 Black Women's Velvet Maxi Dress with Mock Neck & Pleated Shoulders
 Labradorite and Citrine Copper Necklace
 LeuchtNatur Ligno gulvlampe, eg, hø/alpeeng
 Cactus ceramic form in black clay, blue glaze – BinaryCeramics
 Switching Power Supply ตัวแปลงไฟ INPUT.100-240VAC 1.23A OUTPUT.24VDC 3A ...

...

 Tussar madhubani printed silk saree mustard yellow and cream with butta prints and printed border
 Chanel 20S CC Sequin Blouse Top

## TASK PROMPT
If a line in the entries above contains "with", report it.

## OUTPUT FOR THIS EXERCISE
 Black Women's Velvet Maxi Dress with Mock Neck & Pleated Shoulders
 Tussar madhubani printed silk saree mustard yellow and cream with butta prints and printed border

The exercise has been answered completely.